Pandemic takes mental health toll on healthcare workers
The recent death by suicide of a New York ER doctor focused a national spotlight on the pandemic's mental health impact on those who care for COVID-19 patients. North Carolina healthcare workers are feeling overwhelmed, too.
Posted — UpdatedDr. Lorna Breen, on the frontlines of the New York outbreak – the deadliest in the US to date – battled the virus herself. She recovered and returned to work, but a short time later, she took her own life.
"She didn't want to give up. She would not give up," Breen's sister Jennifer Feist told NBC's Today Show. "She wouldn't let it break her, which of course it did."
Dr. Melissa Whitson is a psychology professor at the University of New Haven in Connecticut. She told WRAL News overwhelmed healthcare workers need to take care of themselves first.
"You’re encountering all these life-or-death situations and this helplessness about not being able to do a lot about it," Whitson said. "They're helping a lot of people, but of course, we tend to focus on the people we can’t help."
North Carolina healthcare workers are feeling overwhelmed, too.
Johnston Co nurse Amanda Hatem told WRAL News, "As a mom on my way home, I cry coming home because I don’t know if I’ve been in contact with somebody and I’m bringing it home to my kids."
"The mental health impact of the pandemic is serious," said Dr. Samantha Meltzer-Brody, the head of the UNC Department of Psychiatry.
She said hospitals are now creating mental health support programs specifically for their staff in hopes of reducing "the stigma about reaching out."
"This has nothing to do with whether I am strong enough or tough enough," Meltzer-Brody said. "This is called being a human being during a challenging time."

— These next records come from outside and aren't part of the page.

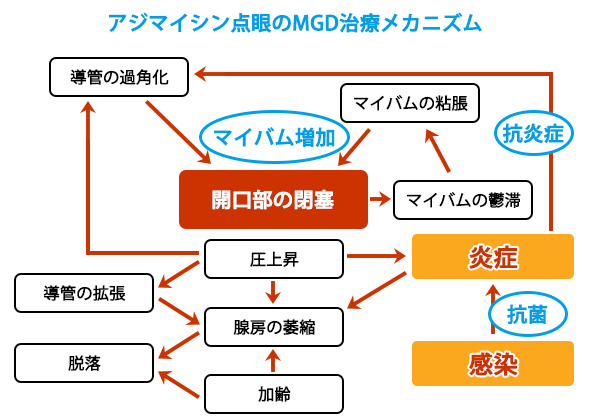 アジマイシン点眼のMGD治療メカニズム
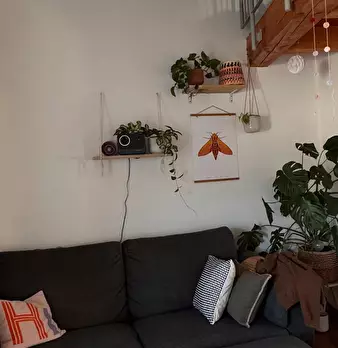 Foto annuncio 3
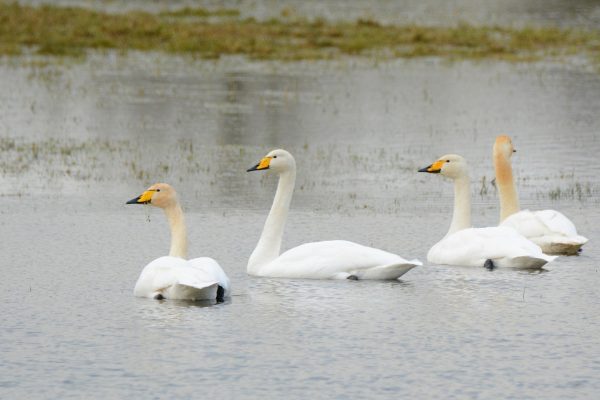 Whooper Swan - B Burke (6)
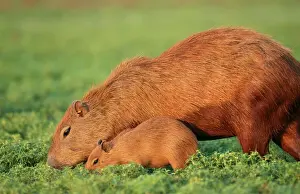 Grazing Prints: Capybara FG 9581 Mother & Baby grazing
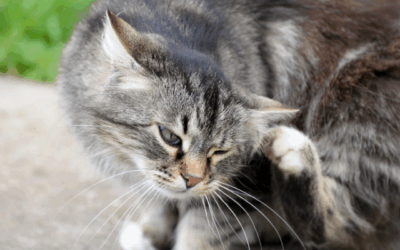 Fighting a flea infestation in your house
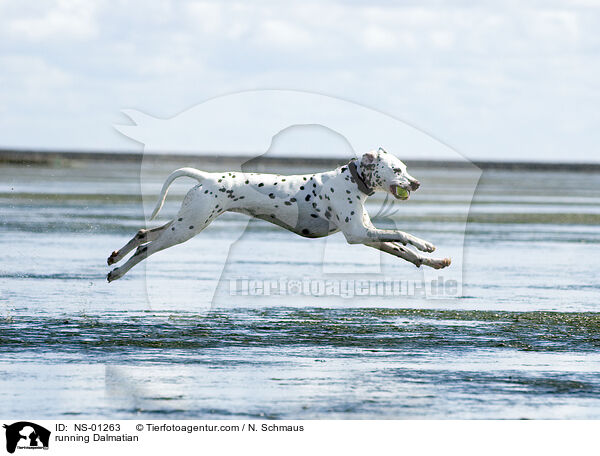 rennender Dalmatiner / running Dalmatian / NS-01263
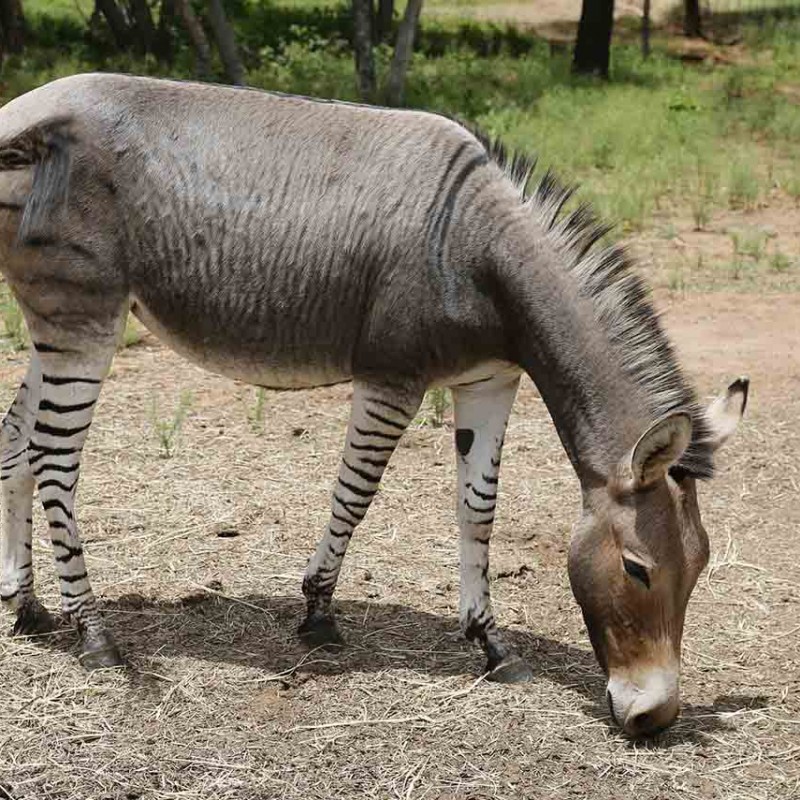 Contract to Sell v. Contract of Sale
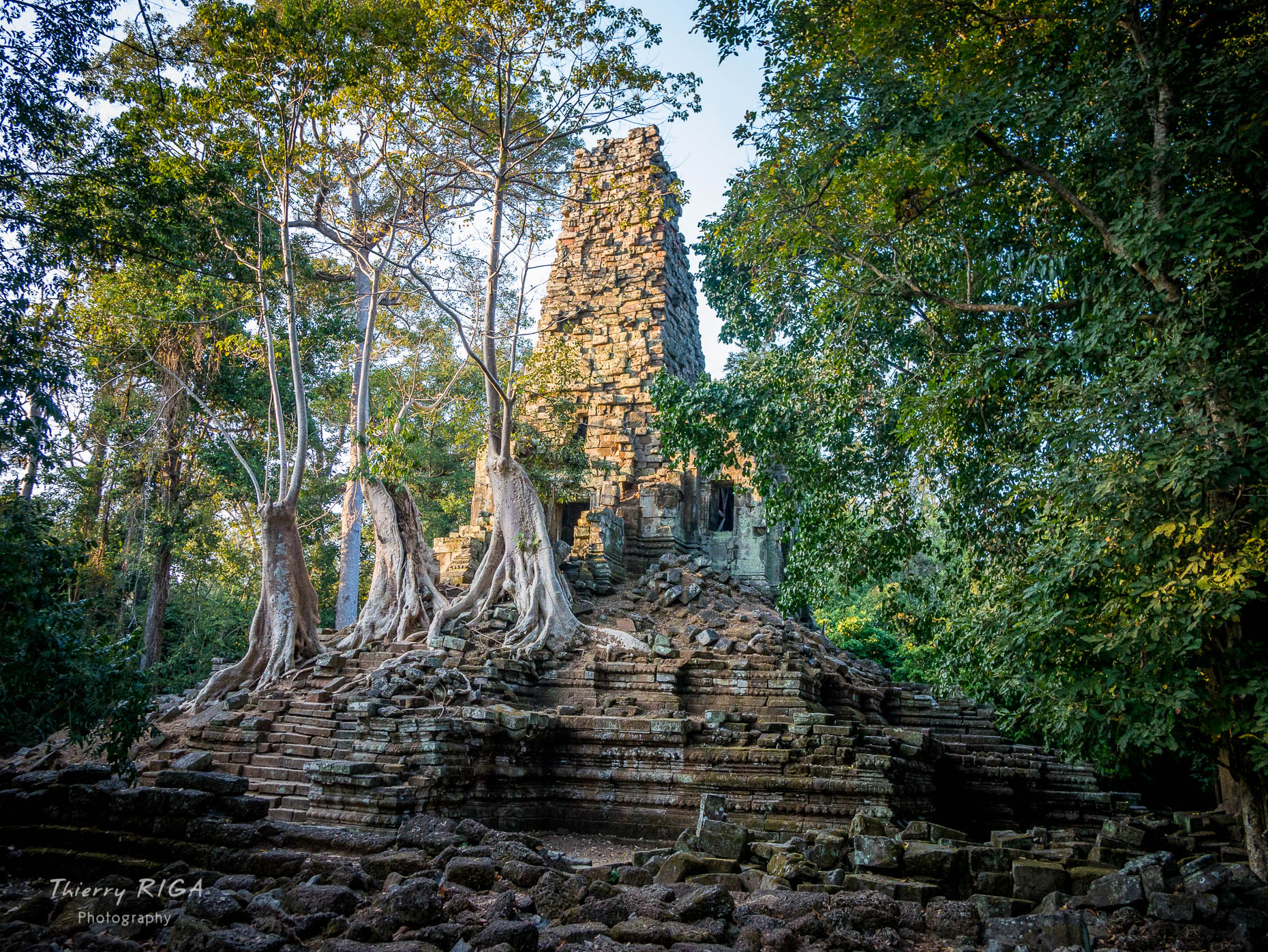 Angkor_Wild_Thierry_Riga_1190854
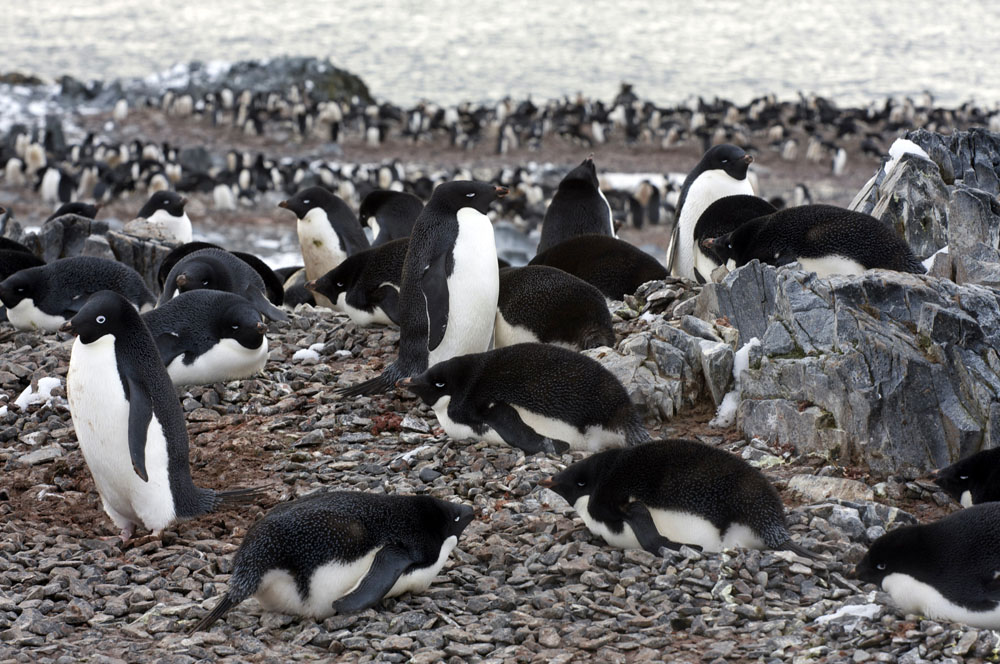 Penguins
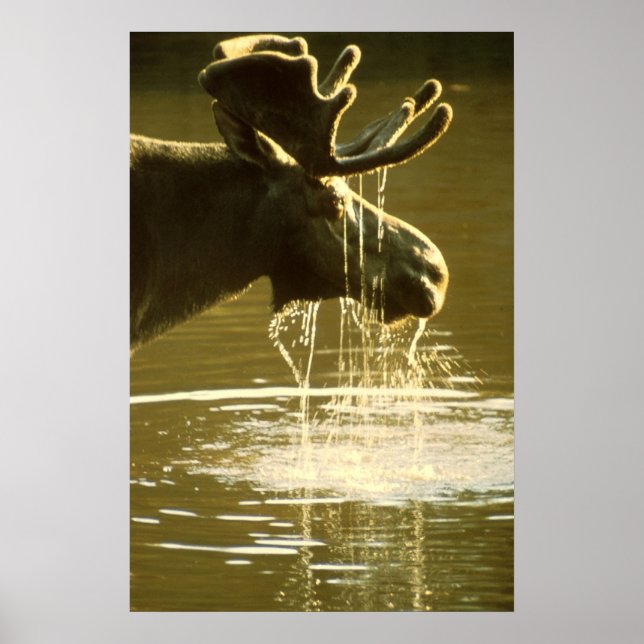 Moose Poster (Framsidan)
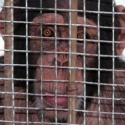 Zoos en Chine : l’investigation de One Voice
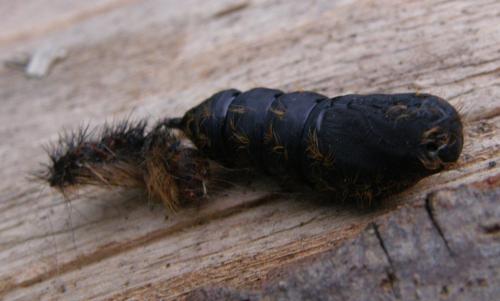 Réf. 289 459 : Lymantria dispar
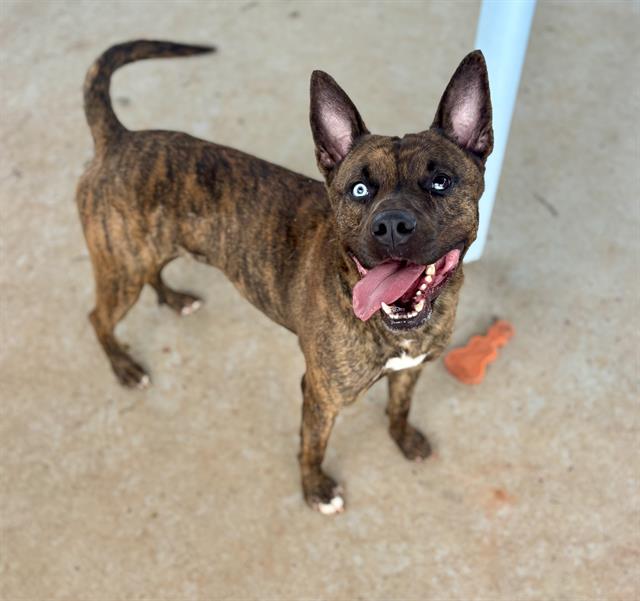Shelter Stray Male Dog last seen CHARLOTTE, 8315 Byrum Dr, Charlotte, NC 28217, USA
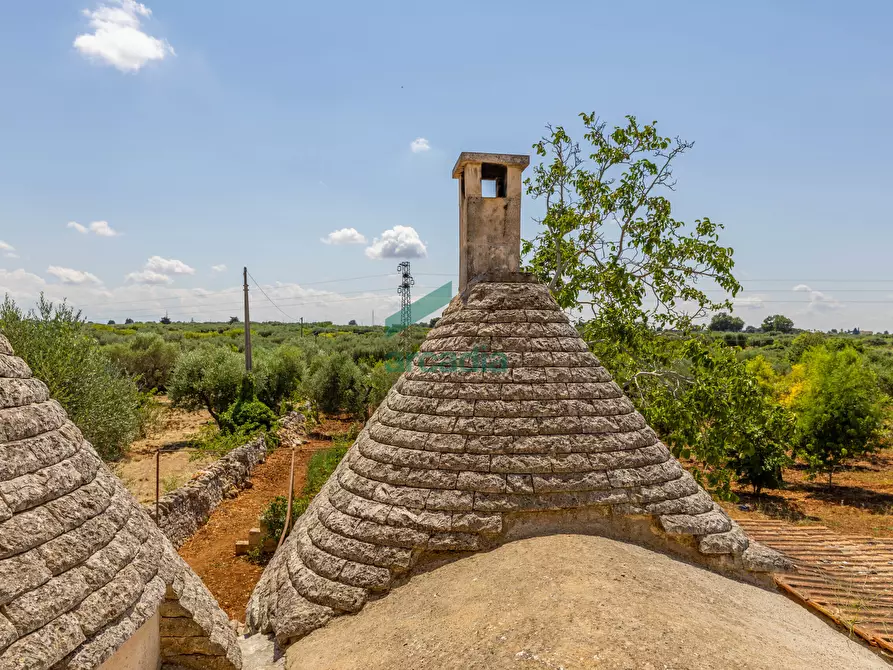 Immagine 36 di Rustico / casale in vendita  in SP32 68 a Putignano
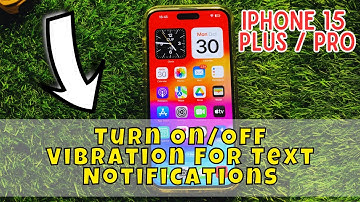 iPhone 15/Pro/Plus Turn On/Off Vibration For Text Notifications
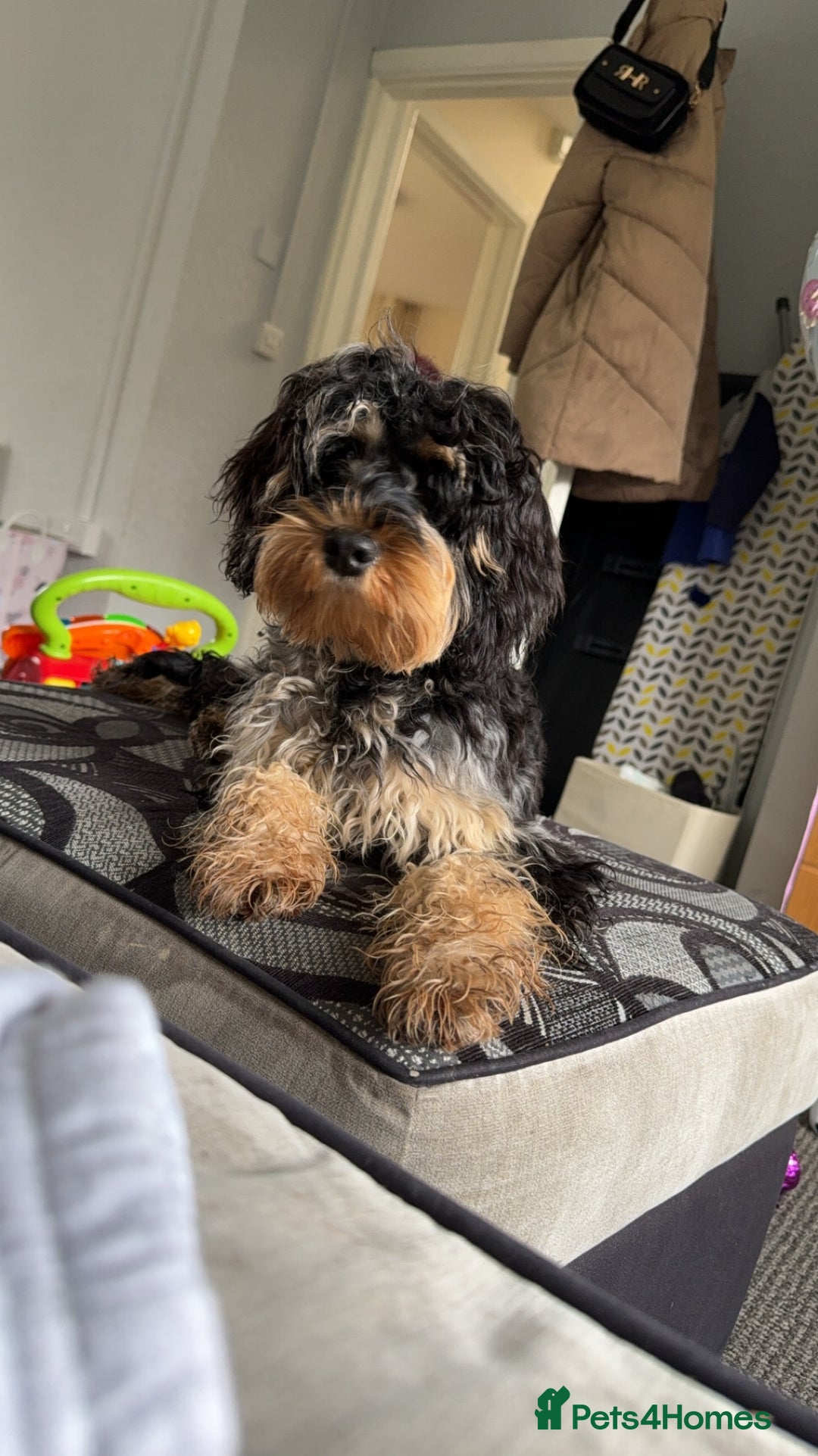 Cockapoo dogs for sale: 2year old cockapoo looking for forever home  - Image 4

"We want to make sure we are able to support our entire workforce in having timely and accessible care that is confidential," Meltzer-Brody said.
Whitson said support services will likely be needed long after the pandemic has eased. Many healthcare workers haven't even had time yet to process what they've been through.
"Once things calm down a little bit more, people will reflect more, and some of those symptoms will come out," Whitson said. "I would not at all be surprised if we see a rise in cases of post-traumatic stress disorder and post-traumatic stress symptoms in healthcare workers in particular, now and in the future."